- Work to complete:
Go through the entries below and print, exactly, the lines starting at the one with "Casa Punta Colorada" and ending at the one with "2012 Jeep Grand", keeping both ends and no others.

======== Data listing ========

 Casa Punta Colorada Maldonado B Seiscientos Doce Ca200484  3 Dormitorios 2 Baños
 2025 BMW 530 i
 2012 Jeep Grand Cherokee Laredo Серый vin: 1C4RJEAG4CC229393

========
======== Data listing ========

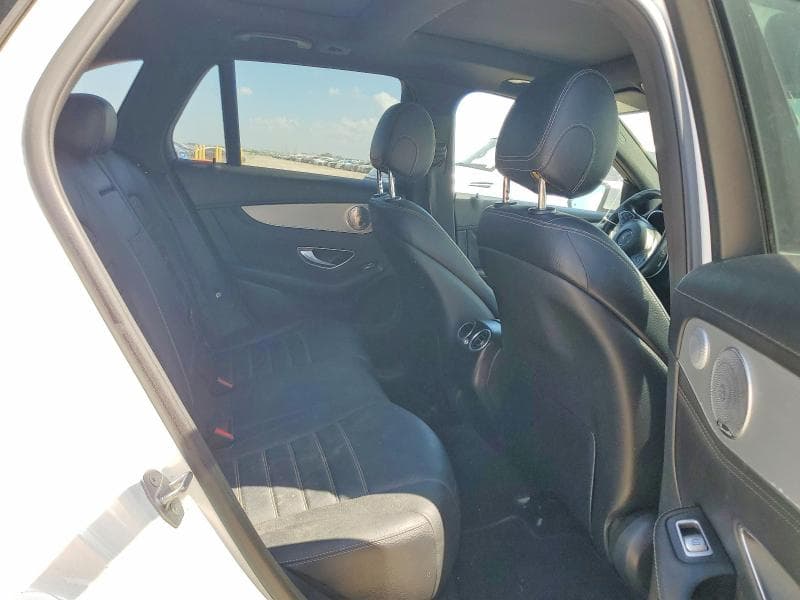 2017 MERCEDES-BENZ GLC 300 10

========

- Exercise output:
 Casa Punta Colorada Maldonado B Seiscientos Doce Ca200484  3 Dormitorios 2 Baños
 2025 BMW 530 i
 2012 Jeep Grand Cherokee Laredo Серый vin: 1C4RJEAG4CC229393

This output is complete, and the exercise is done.